Authors Kim M , Oh Y, Kim J 

Received 2 December 2020

Accepted for publication 4 February 2021

Published 17 February 2021 Volume 2021:14 Pages 481—485

DOI https://doi.org/10.2147/JPR.S295211

Checked for plagiarism Yes

Review by Single anonymous peer review

Peer reviewer comments 3

Editor who approved publication: Dr Ellen M Soffin



Minkyung Kim,1 Yoomin Oh,1 Jeongsoo Kim1,2

1Department of Anesthesiology and Pain Medicine, Seoul National University Hospital, Seoul, Republic of Korea; 2Department of Anesthesiology and Pain Medicine, SMG-SNU Boramae Medical Center, Seoul, Republic of Korea

Correspondence: Jeongsoo Kim
Department of Anesthesiology and Pain Medicine, Seoul National University Hospital, Seoul, 03080, Republic of Korea
Tel +82-2-2072-2467
Email [email protected]

Abstract: Maxillary nerve block is widely used for treating trigeminal neuralgia. Common complications of the procedure include bleeding and sensory abnormalities, but ophthalmic complications have been rarely reported. A 60-year-old woman underwent maxillary nerve block for refractory trigeminal neuralgia. Ten minutes after the procedure had ended, the patient reported double vision when she tried to turn the left eye outward. After examination, the patient was presumed to have diplopia due to the abducens nerve block. However, the symptom disappeared approximately 30 minutes later without any treatment. Thus, to prevent diplopia, the dose of local anesthetics should be reduced. Moreover, negative blood aspiration should be confirmed during the injection. To the best of our knowledge, this is the first case to report diplopia after maxillary nerve block without neurolysis through the lateral infrazygomatic approach.

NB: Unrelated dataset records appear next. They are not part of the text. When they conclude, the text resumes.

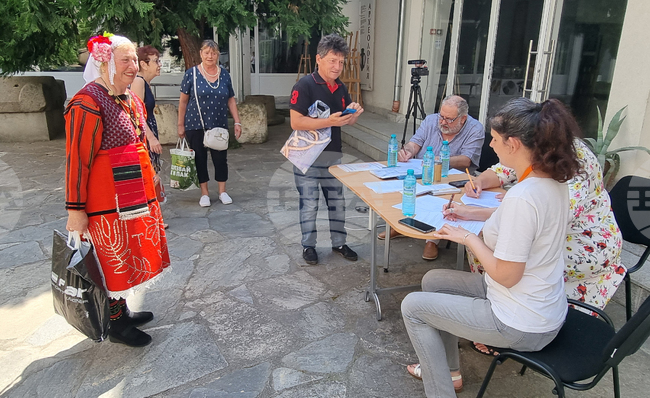 Над 40 индивидуални изпълнители и групи участват в извънредно прослушване в Хасково за събора в Копривщица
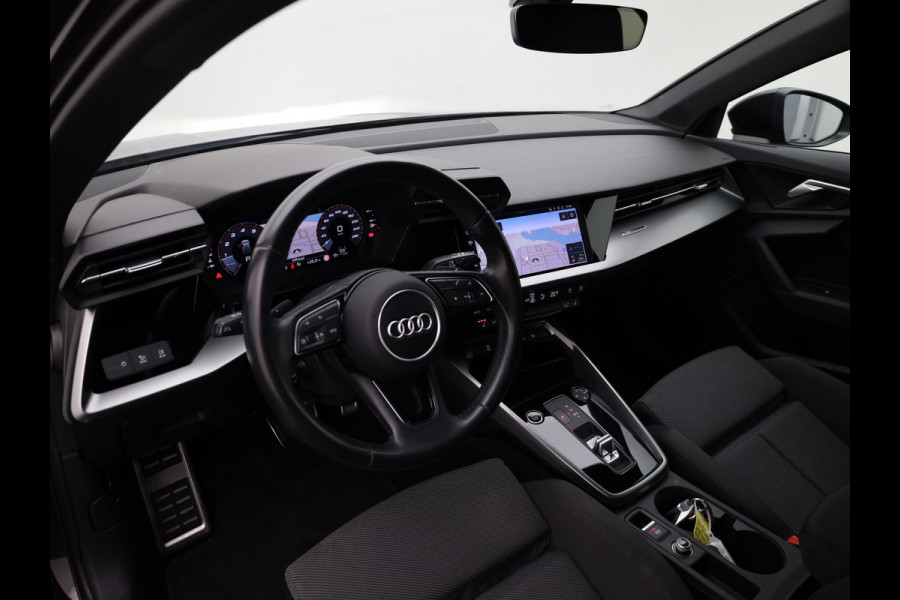 Audi A3 Sportback 35 TFSI 150Pk Business edition | Adapt. Cr. | 18'' | Stoelverwarming | Prijs Rijklaar!!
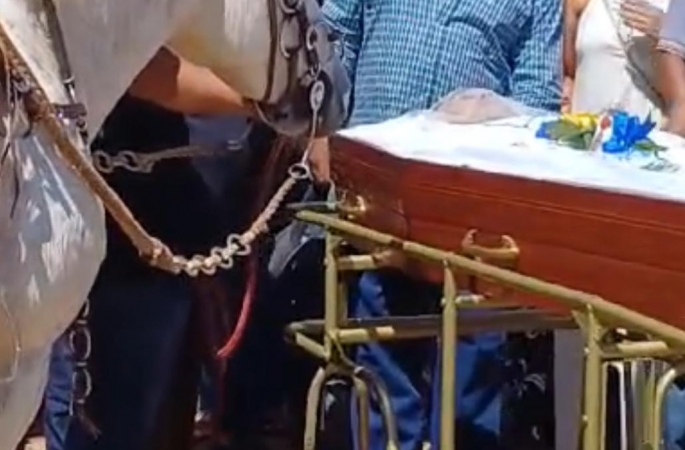 Assassinado cruelmente, “Machadinho” recebe homenagens de amigos e levam “mula” para se despedir
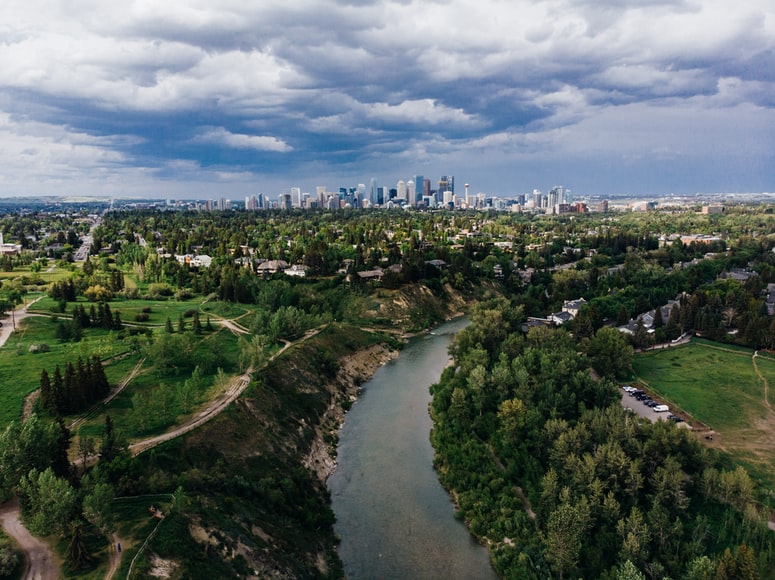 Area verde e rio em River Park Calgary, Canadá- representando seguro viagem para Calgary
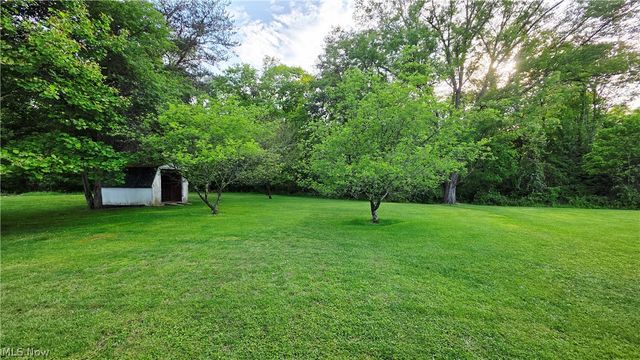 36 Suzanne Street, Little Hocking, OH 45742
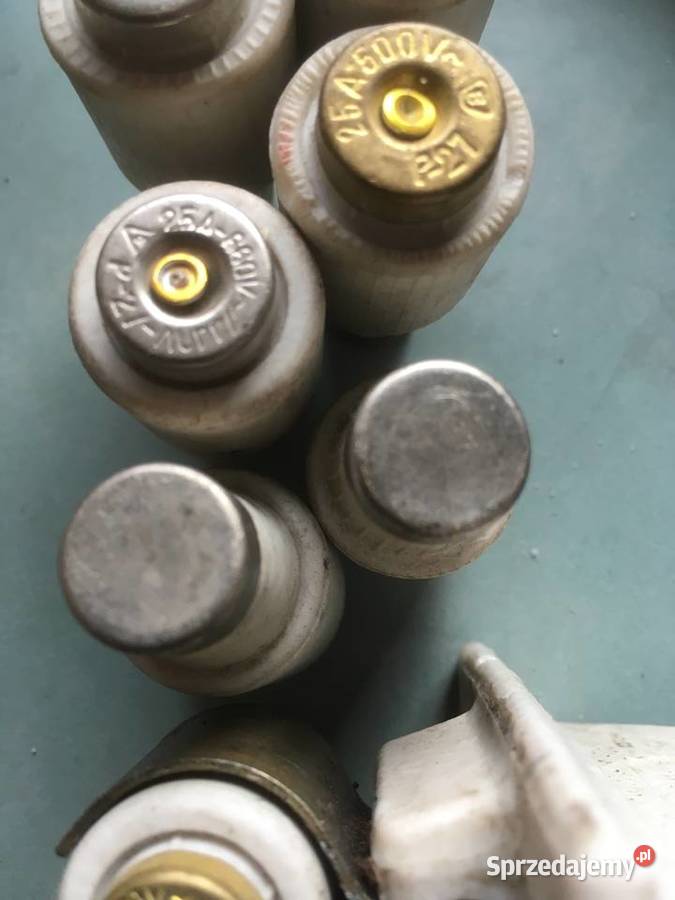 Odsprzedam taniej zabezpieczenia słupowe BNu 25A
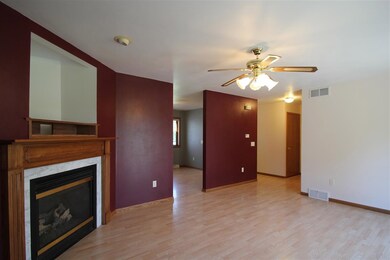 103 Teddy St, Brooklyn, WI 53521 - photo 3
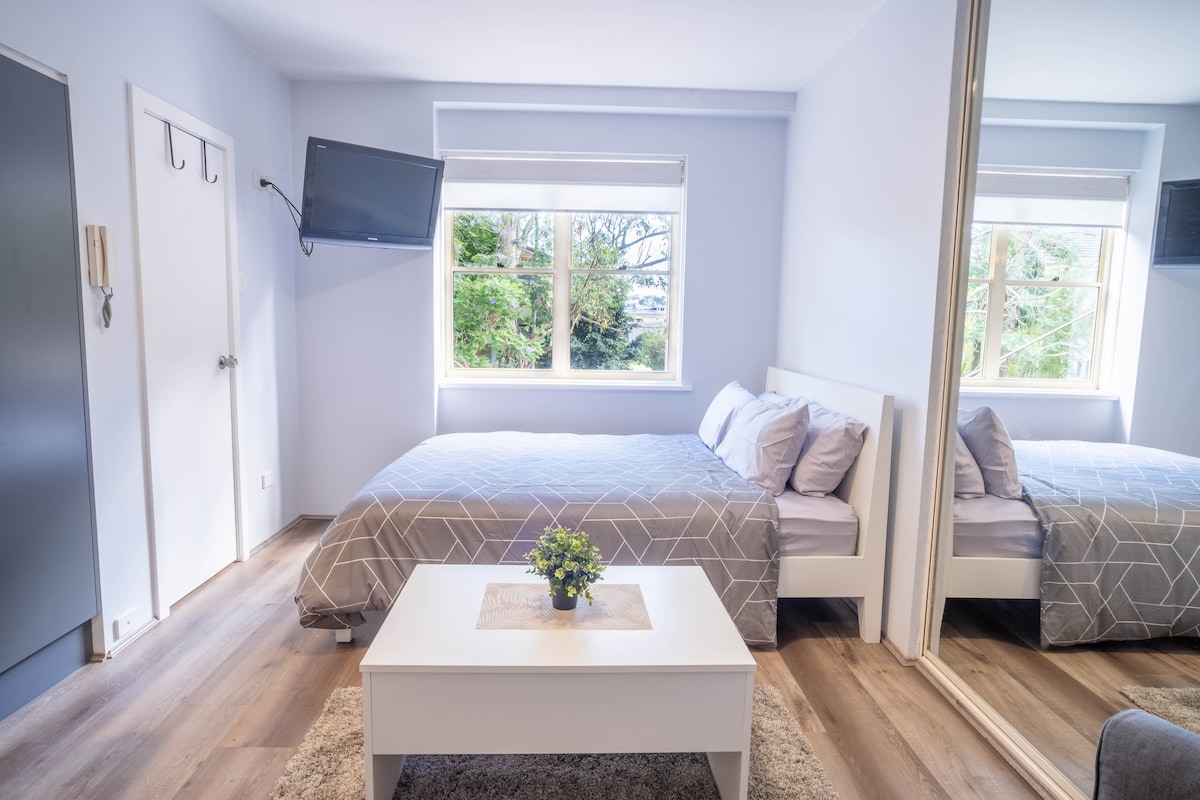 Top Airbnb: Design Studio Near the Sea in Elizabeth Bay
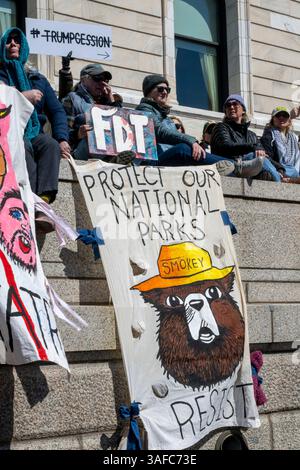 Paul, Minnesota. 4-5-25. Rallye mains libres. La manifestation sur le président annule de nouvelles politiques après son retour au pouvoir. Banque D'Images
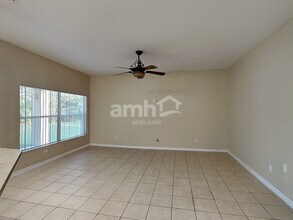 2065 Home Again Rd in Apopka, FL - Building Photo - Building Photo
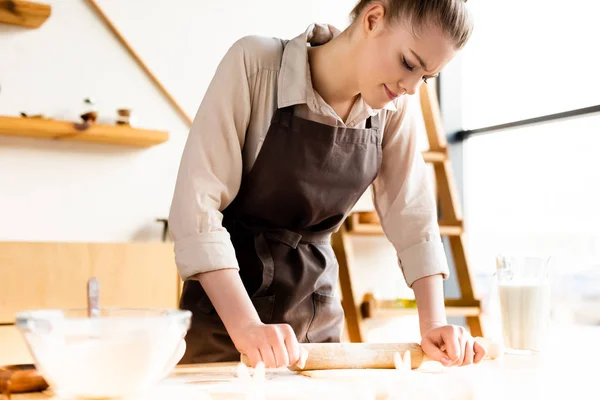 Attractive Woman Rolling Out Dough Rolling Pin — Stock Photo, Image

Keywords: diplopia, nerve block, trigeminal neuralgia

Introduction

Trigeminal neuralgia is one of the typical diseases that lead to neuropathic facial pain. Blockade of the trigeminal nerve branch in the affected area is a common treatment procedure. Bleeding and some sensory abnormalities are common side effects of trigeminal nerve block. In contrast, the incidence of ophthalmic complications is relatively low.1 Chavali et al reported the case of a patient with trigeminal neuralgia, in whom alcohol neurolysis of the maxillary nerve through the lateral infrazygomatic approach caused diplopia.2 A few other papers reported diplopia occurring during trigeminal radiofrequency thermocoagulation or alcohol neurolysis with the approach through the foramen ovale.3–5 However, to the best of our knowledge, there have been no reports of diplopia after maxillary nerve block without neurolysis achieved through the lateral infrazygomatic approach. In this paper, we report a rare case of temporary diplopia that occurred after maxillary nerve block performed through the lateral infrazygomatic approach in a patient with trigeminal neuralgia, with a literature review of other diplopia cases after neurolysis or radiofrequency thermocoagulation.

Case Presentation

A 60-year-old female patient diagnosed with trigeminal neuralgia involving the left maxillary nerve had a severe pain score of 8 on the 11-point numerical rating scale (NRS). The patient had been taking carbamazepine (600 mg/daily), celecoxib (200 mg/daily), pregabalin (200 mg/daily), and tramadol (75 mg/daily) prescribed at the SMG-SNU Boramae Medical Center since July 2019. The patient complained of somnolence during the day and refused to increase the dosage of oral medication. Therefore, maxillary nerve block was performed for symptom control. Magnetic resonance imaging (MRI) showed no specific intracranial abnormality.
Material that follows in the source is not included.